Add a #[pg_test] that reproduces the nesting pattern from the bug without requiring the bingo extension. A #[pg_extern] function (spi_identity) runs Spi::run() internally. When used as a BM25 expression index, evaluating it during a multi-row INSERT fires a nested ExecutorRun_hook while the outer stack slot is still live — the same code path that bingo.cansmiles triggers via its internal C++ SPI calls. Without the depth-counter fix this panics with: entered unreachable code: get_insert_state 185 passed, 0 failed on pg16.
04efbc7 to
a55fde2
Compare
mdashti
left a comment
There was a problem hiding this comment.
A couple of thoughts from the review side, dropping them here since they're conversational rather than line-specific:
On the bingo CI question — the arm64 issue is real but I don't think it's actually a blocker. The matrix already has a PG18 amd64 entry; mirroring that for PG16 (the only version that needs this shim) gets you bingo coverage without touching the arm64 runs. A few seconds of curl + a one-time install in the workflow is the cost, and it scopes cleanly to the PG16 row.

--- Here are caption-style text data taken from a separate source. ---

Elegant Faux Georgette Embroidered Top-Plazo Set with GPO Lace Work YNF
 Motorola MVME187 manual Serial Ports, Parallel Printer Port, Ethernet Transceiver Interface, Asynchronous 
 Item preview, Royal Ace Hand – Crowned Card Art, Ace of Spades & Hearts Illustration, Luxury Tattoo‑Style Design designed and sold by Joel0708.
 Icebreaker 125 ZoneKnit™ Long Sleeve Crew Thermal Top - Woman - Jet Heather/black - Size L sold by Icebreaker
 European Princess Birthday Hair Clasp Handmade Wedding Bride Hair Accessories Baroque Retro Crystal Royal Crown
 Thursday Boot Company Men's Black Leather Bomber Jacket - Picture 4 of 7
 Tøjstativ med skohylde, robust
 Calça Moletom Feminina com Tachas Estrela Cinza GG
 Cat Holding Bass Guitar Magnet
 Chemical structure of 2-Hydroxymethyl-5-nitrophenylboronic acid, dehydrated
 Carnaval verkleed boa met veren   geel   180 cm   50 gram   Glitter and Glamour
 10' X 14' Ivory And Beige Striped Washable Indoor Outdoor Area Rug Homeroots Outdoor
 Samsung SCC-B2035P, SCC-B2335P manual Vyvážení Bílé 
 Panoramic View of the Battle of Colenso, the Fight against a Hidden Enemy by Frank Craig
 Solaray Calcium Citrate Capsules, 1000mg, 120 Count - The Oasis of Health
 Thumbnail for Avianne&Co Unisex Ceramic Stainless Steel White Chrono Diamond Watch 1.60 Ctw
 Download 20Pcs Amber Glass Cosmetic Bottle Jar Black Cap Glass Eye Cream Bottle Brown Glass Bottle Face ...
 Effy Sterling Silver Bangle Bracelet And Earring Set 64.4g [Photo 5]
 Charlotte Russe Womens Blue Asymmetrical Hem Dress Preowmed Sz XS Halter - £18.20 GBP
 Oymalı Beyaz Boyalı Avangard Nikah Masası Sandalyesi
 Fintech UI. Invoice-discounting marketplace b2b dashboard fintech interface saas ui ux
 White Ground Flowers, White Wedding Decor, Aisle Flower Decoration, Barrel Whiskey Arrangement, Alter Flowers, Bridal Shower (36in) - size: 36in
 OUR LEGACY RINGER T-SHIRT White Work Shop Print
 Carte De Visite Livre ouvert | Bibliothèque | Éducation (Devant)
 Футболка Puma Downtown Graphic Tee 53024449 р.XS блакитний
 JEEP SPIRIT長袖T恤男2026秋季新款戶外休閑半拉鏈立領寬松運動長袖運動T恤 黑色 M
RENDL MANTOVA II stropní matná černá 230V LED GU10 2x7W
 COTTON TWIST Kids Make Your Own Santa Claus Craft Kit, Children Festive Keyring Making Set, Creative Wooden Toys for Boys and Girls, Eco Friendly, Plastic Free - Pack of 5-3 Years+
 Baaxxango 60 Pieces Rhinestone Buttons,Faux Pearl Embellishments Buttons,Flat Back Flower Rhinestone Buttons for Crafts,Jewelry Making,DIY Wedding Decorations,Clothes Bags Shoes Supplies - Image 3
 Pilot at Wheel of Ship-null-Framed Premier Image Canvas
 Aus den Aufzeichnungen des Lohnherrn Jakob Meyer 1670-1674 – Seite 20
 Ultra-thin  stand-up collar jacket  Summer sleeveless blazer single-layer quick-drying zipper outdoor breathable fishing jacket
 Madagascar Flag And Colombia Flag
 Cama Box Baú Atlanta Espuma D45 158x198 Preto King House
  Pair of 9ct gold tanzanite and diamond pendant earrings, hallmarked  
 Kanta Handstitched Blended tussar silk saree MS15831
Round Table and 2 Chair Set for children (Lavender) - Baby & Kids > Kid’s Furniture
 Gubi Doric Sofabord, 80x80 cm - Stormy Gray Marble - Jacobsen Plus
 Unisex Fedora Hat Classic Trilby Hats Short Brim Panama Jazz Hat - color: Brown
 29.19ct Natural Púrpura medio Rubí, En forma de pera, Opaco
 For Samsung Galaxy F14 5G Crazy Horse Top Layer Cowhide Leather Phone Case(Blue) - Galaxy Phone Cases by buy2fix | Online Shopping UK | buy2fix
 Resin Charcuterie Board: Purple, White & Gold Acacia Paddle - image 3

Separately, @Pandaaaa906's manual confirmation against their bingo setup is the load-bearing evidence on this PR right now. Can we add a repro in the tests?
| execute_once: bool, | ||
| ) { | ||
| if let Some(Some(entry)) = EXECUTOR_RUN_STACK.last_mut() { | ||
| entry.depth += 1; |
There was a problem hiding this comment.
How confident are we that nested ExecutorRun calls always pair 1:1 with ExecutorFinish? Cursors and some SPI shapes can fire Run multiple times against the same QueryDesc with a single trailing Finish. If a path like that goes through this branch, depth gets incremented but never fully drained, and the outer Finish skips cleanup. Worth tracing what happens with a SELECT inside a SECURITY DEFINER, or a cursor-bound query inside the index expression, before we land this. Would love to see a RAII mechanism here.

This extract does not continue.